The power of the *Hermeneutic of Imagination* is precisely in that it makes me aware that I am doing it. If I am aware, I am at least slightly more likely to engage in it responsibly. I am less likely to read the text in a woodenly literalistic way and more likely to read it according to the ultimate end of love of God and neighbor. Knowing my proclivity to get the text to say what I want it to say makes me more keen to test my readings against history and against the Spirit-led consciences of trusted friends. Ultimately, it is permission to let the Word of God be fully alive.
*DISCLAIMER: I received a copy of this book from the publisher for the purpose of a fair, unbiased review.*
[^1]: It might seem like these are easily falsifiable, but just go ahead and try presenting your evidence to someone who believes in one of them and see what happens.

A Hermeneutic of Imagination: Unlocking Scripture's Full Potential
Knut M. Heim, Jeffrey R. Oetter (contributor)
The Bible has a message for everyone there are those than take it at face value and there are those who believe there are deeper messages that can be found when doing a through study.
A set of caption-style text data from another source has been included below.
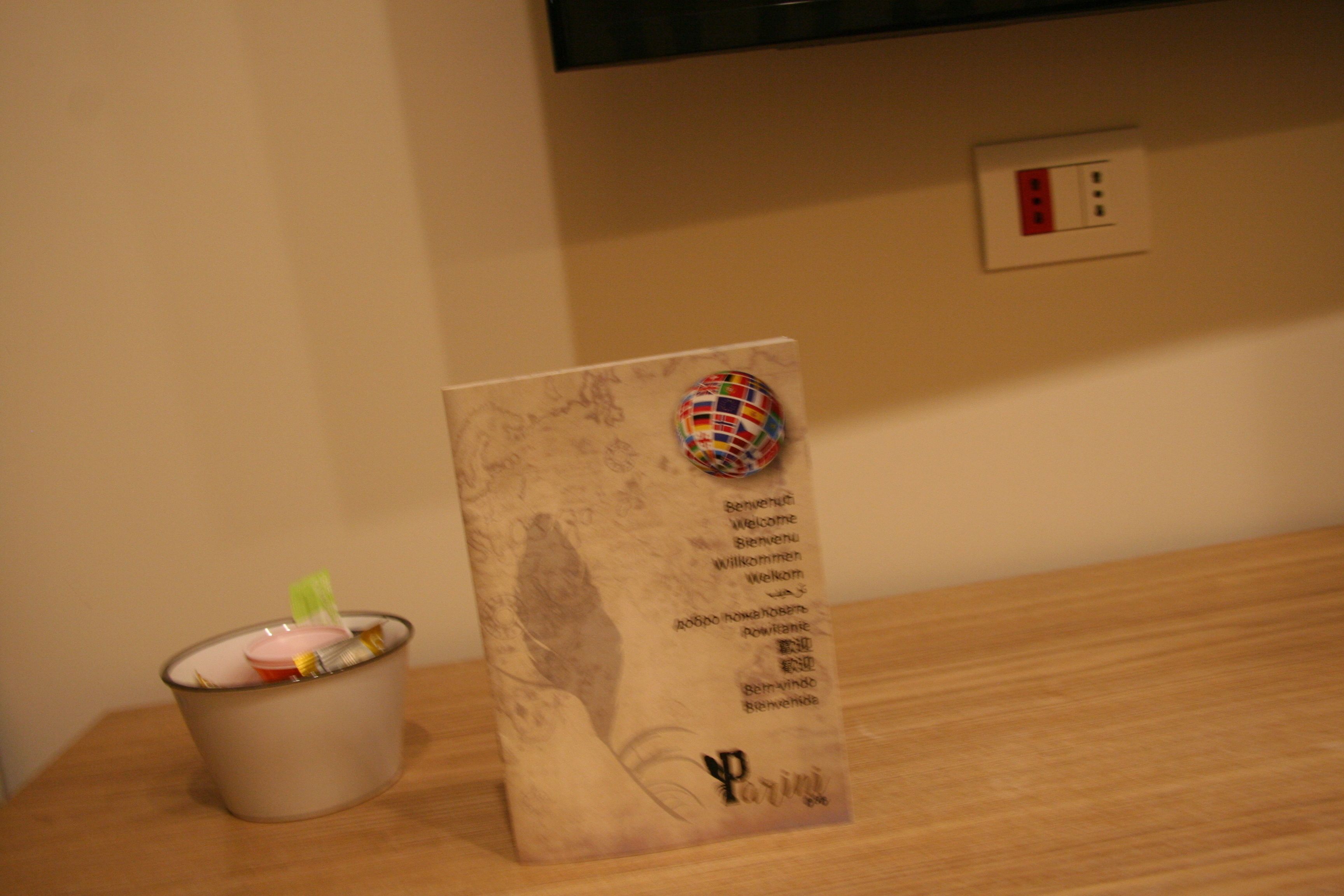 A welcome sign with multilingual greetings, a decorative globe, and a small trash bin on a wooden table.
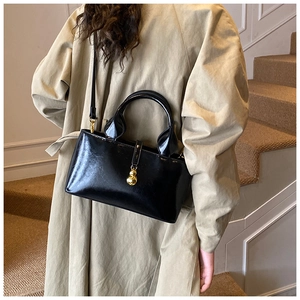 Detail of glossy black patent leather bucket bag with gold hardware on a beige coat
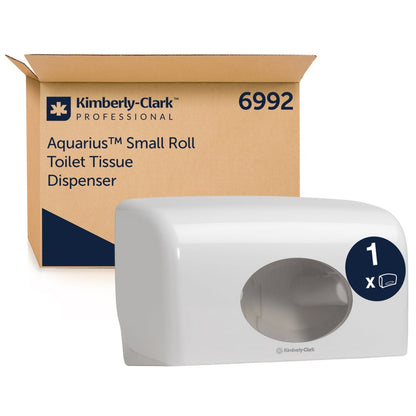 A white Aquarius™ toilet paper dispenser - small rolls (18.00 cm x 29.80 cm x 12.80 cm) from Kimberly-Clark GmbH is depicted in front of a brown box with brand and product information.
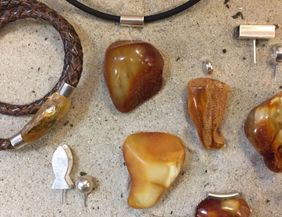 A collection of jewelry made from amber, including earrings, pendants, and a bracelet. The jewelry pieces come in various shapes and are designed in warm earth tones.
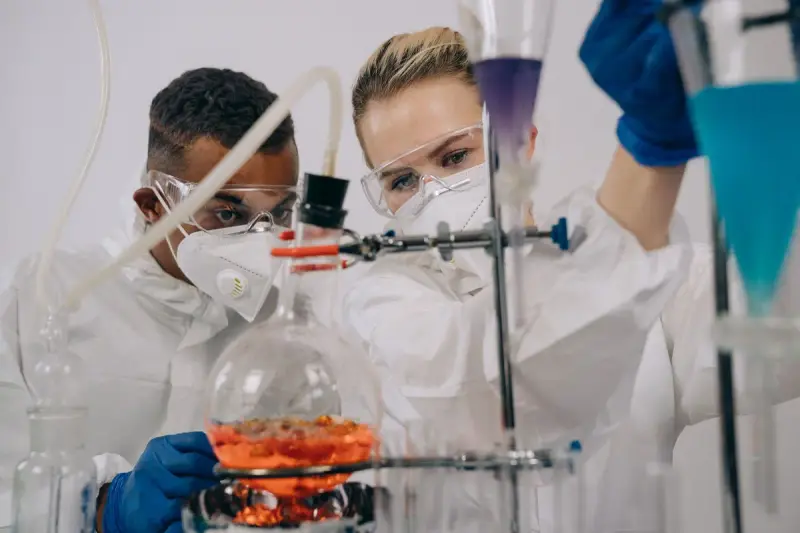 Two scientists in protective gear running an experiment together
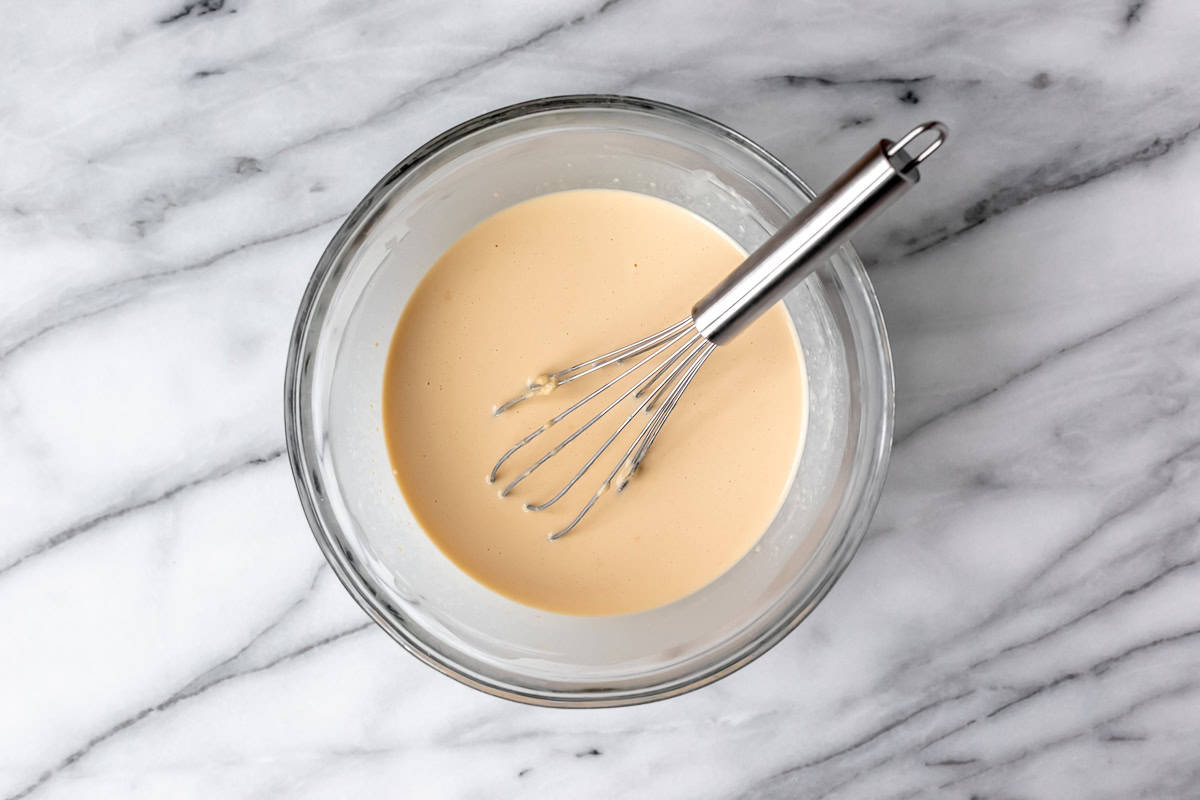 Crepe batter in a glass bowl with a whisk in it over a marble background.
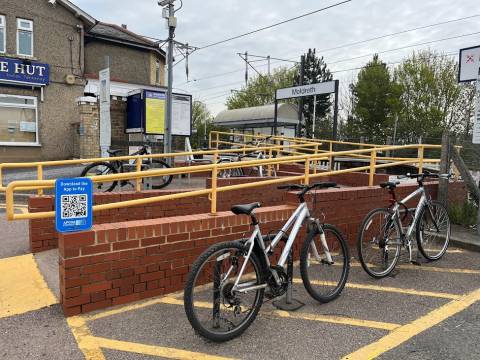 Photograph of bicycles chained up at Meldreth station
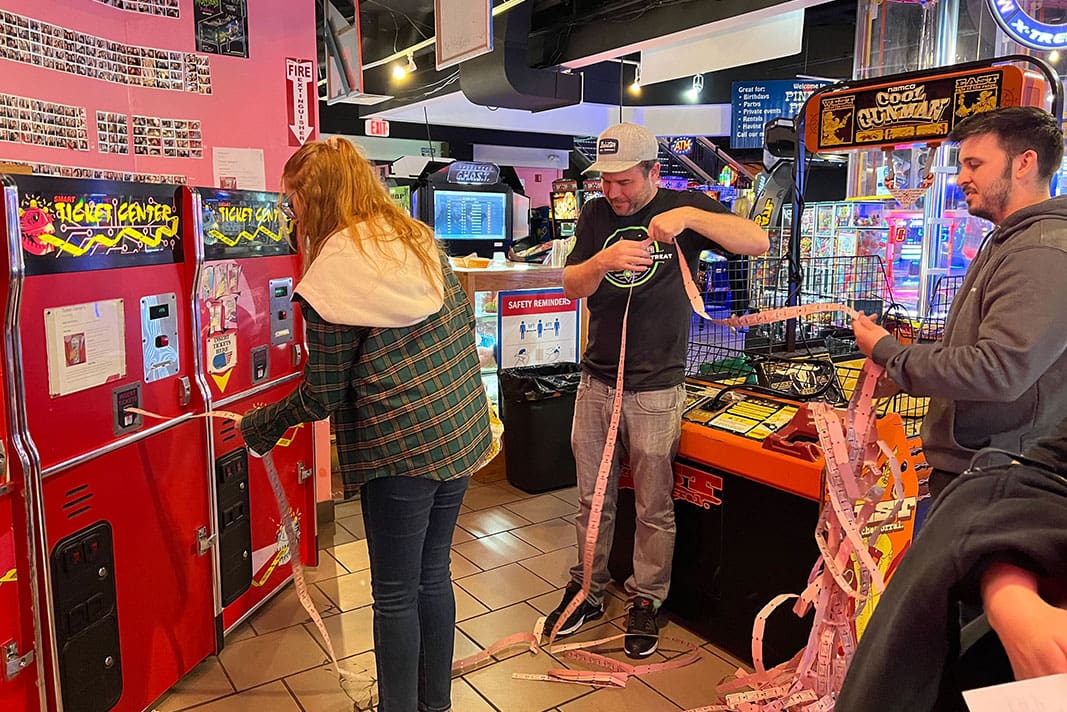 People counting arcade tickets at a redemption center in a lively game arcade.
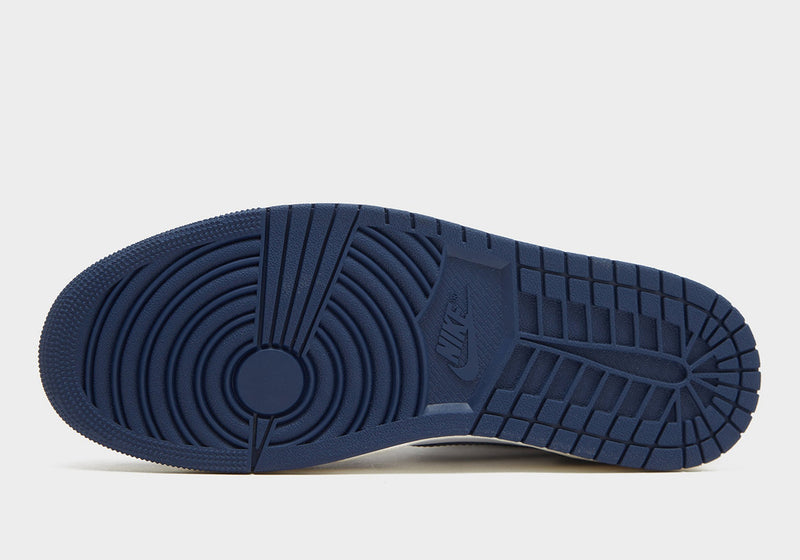 Midnight Navy leather sneaker with black accents, off-white midsole, and white tongue and panels.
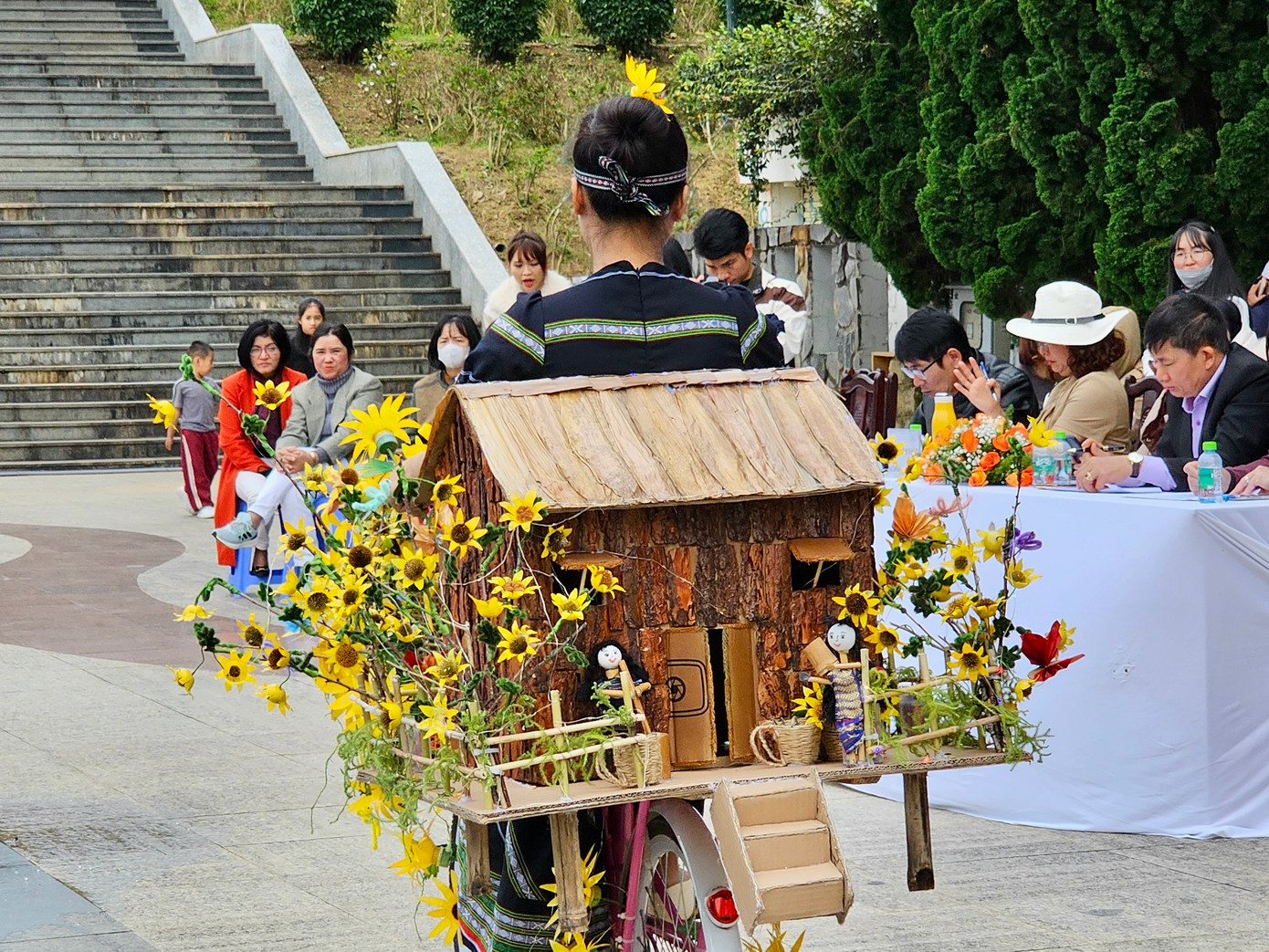 Mô hình nhà sàn, hoa dã quỳ được nữ giáo viên diện trang phục người dân tộc trường Mầm non Tà Nung trình diễn.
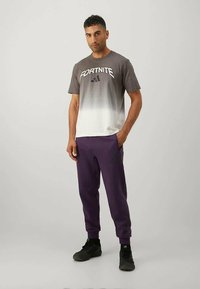 Γκρι και λευκό gradient μπλούζα με λογότυπο "FORTNITE", συνδυασμένη με μωβ παντελόνια φόρμας. Μαύρα παπούτσια ολοκληρώνουν την εμφάνιση.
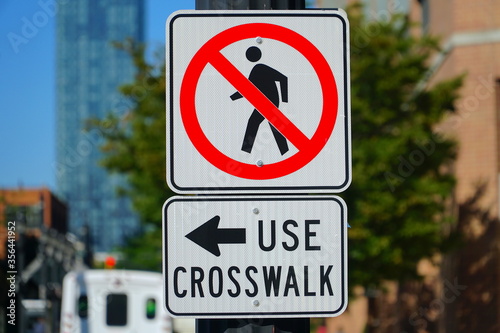 No pedestrians use crosswalk, sign 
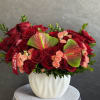 Red roses and peach spray roses in a white vase with anthuriums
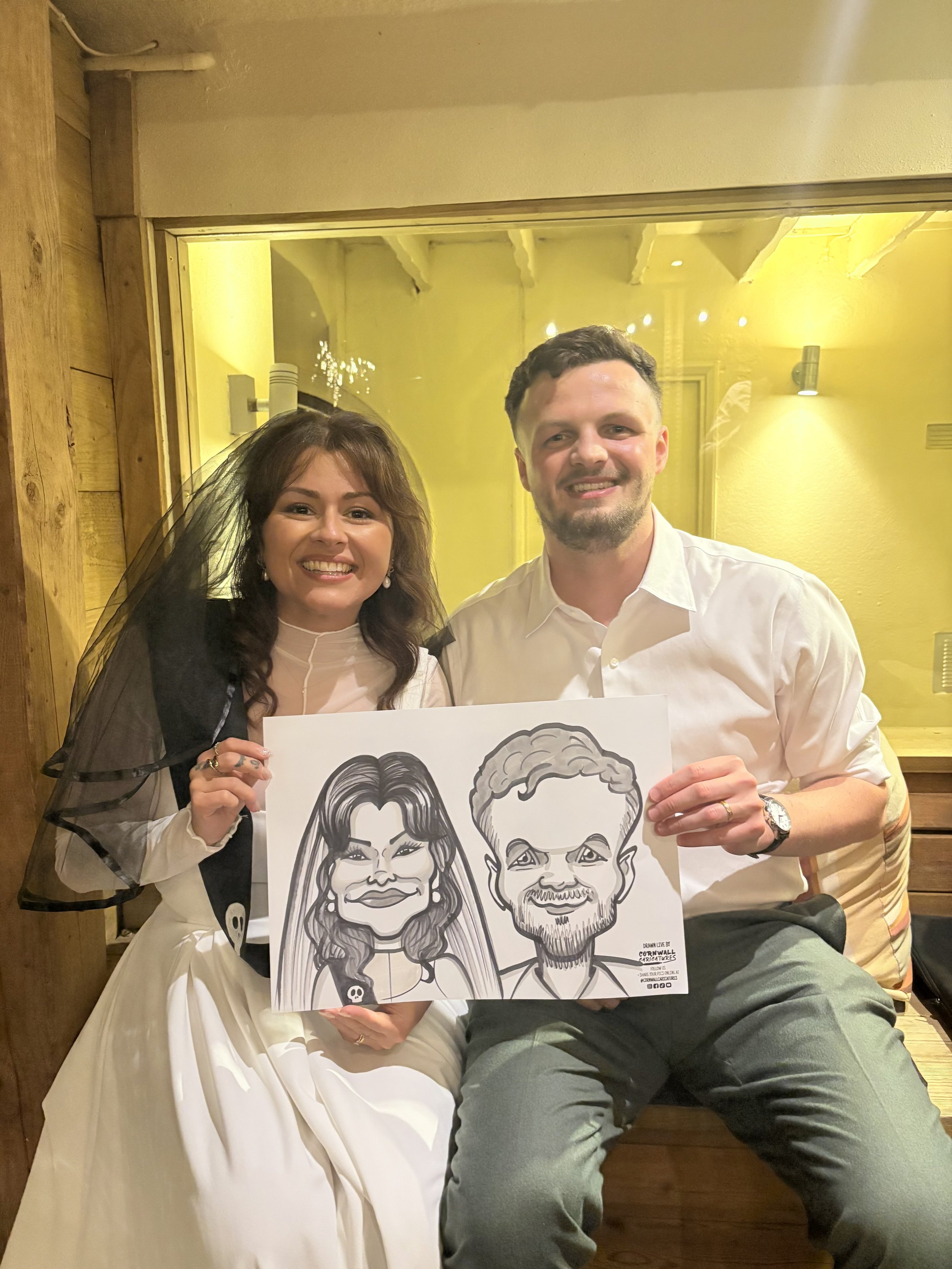 A smiling man and woman holding caricature drawings of themselves, seated indoors with yellow walls and wooden accents.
In this book we look at scripture through imagination. I believe we need to look at scriptures through the places, time and culture. But I also agree that there are deep messages that come to light when we dig deeper using our imagination.
Authors Knut M. Heim and Jeffray R. Oetter are experts in biblical poetry. “The meaning of HERMENEUTIC is the study of the methodological principles of interpretation (as of the Bible). It is the study of interpretation”. The authors discuss the many techniques used in scripture among them are figurative language, emotions, and humor. By using our imagination, we can form biblical ideas that draw us toward the messages that show us what the scripture was intended to tell us.
I enjoy bible study. I like digging deep and getting the intended message from the scripture. This book is invaluable to bible study.